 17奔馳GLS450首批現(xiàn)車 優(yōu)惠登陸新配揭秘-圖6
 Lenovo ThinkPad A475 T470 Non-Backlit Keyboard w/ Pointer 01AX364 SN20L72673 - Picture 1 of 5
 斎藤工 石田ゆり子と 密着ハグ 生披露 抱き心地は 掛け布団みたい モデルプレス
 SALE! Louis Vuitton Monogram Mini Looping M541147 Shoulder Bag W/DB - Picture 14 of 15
--
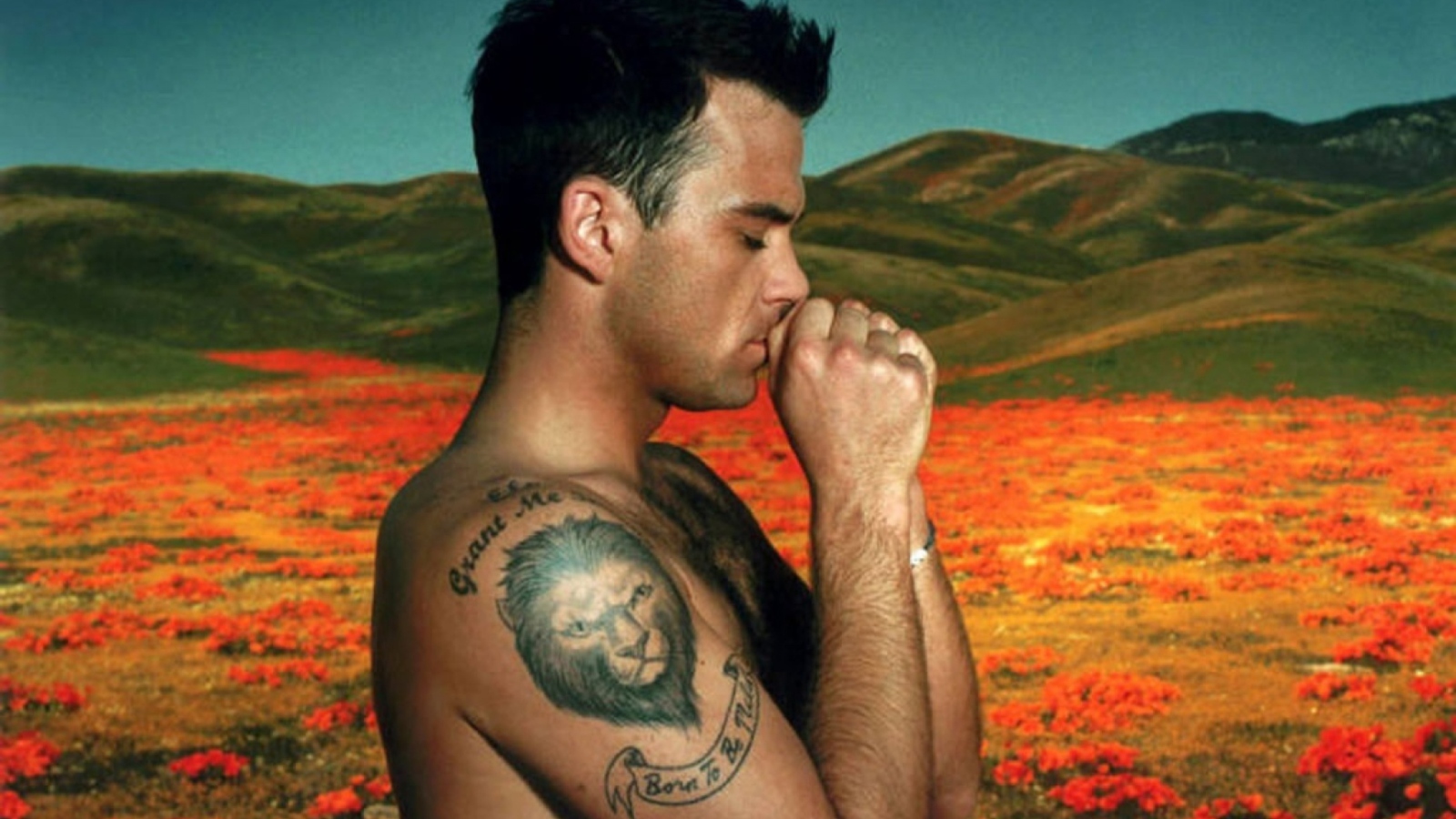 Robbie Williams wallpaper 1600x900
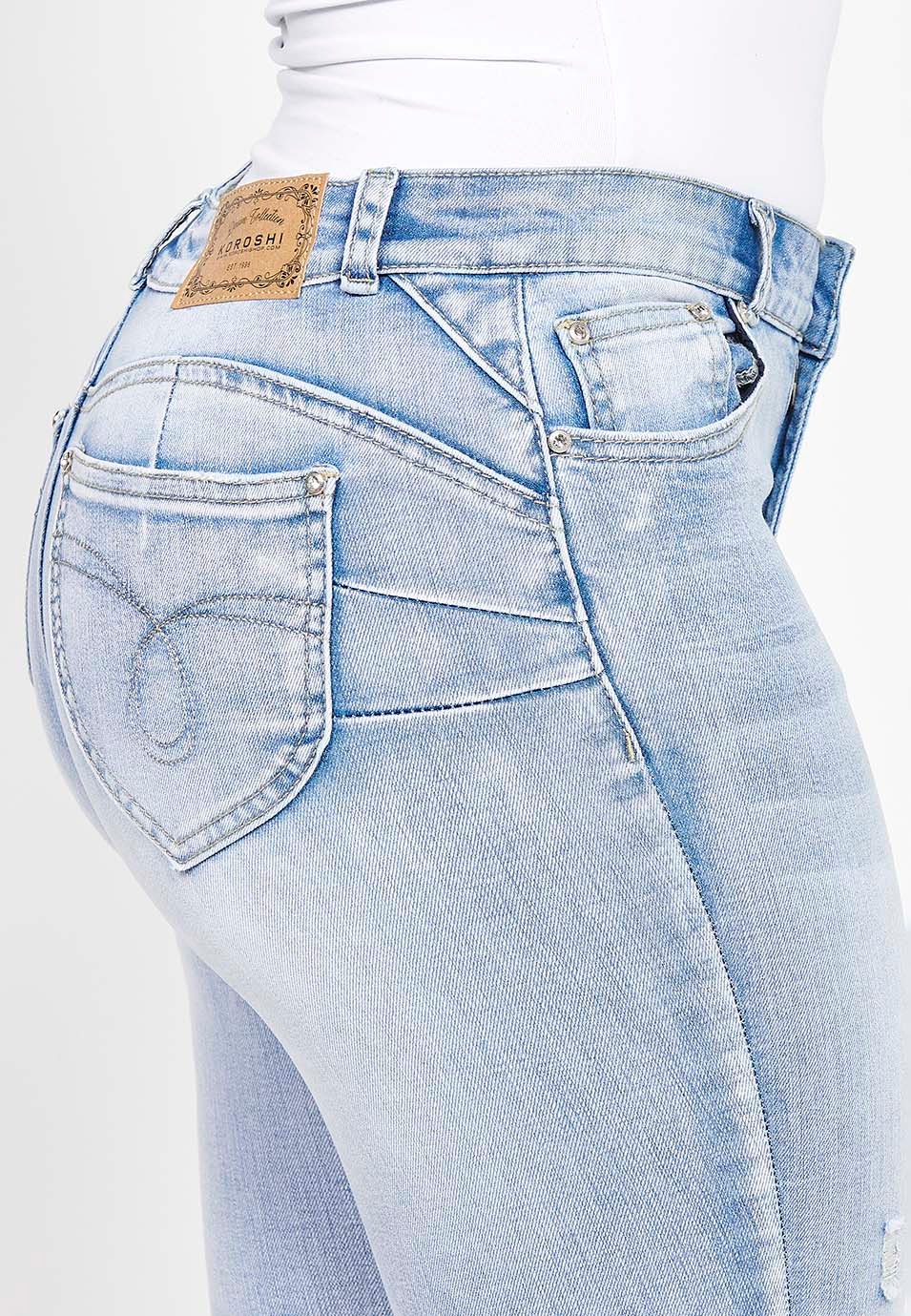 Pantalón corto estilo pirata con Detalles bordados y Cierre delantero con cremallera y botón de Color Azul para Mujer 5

Work required: In the listing above, find the line containing "17奔馳GLS450首批現(xiàn)車 優(yōu)惠登陸新配揭秘-圖6" and the line containing "SALE! Louis Vuitton", then repeat those two lines and everything between them exactly.

Answer:
 17奔馳GLS450首批現(xiàn)車 優(yōu)惠登陸新配揭秘-圖6
 Lenovo ThinkPad A475 T470 Non-Backlit Keyboard w/ Pointer 01AX364 SN20L72673 - Picture 1 of 5
 斎藤工 石田ゆり子と 密着ハグ 生披露 抱き心地は 掛け布団みたい モデルプレス
 SALE! Louis Vuitton Monogram Mini Looping M541147 Shoulder Bag W/DB - Picture 14 of 15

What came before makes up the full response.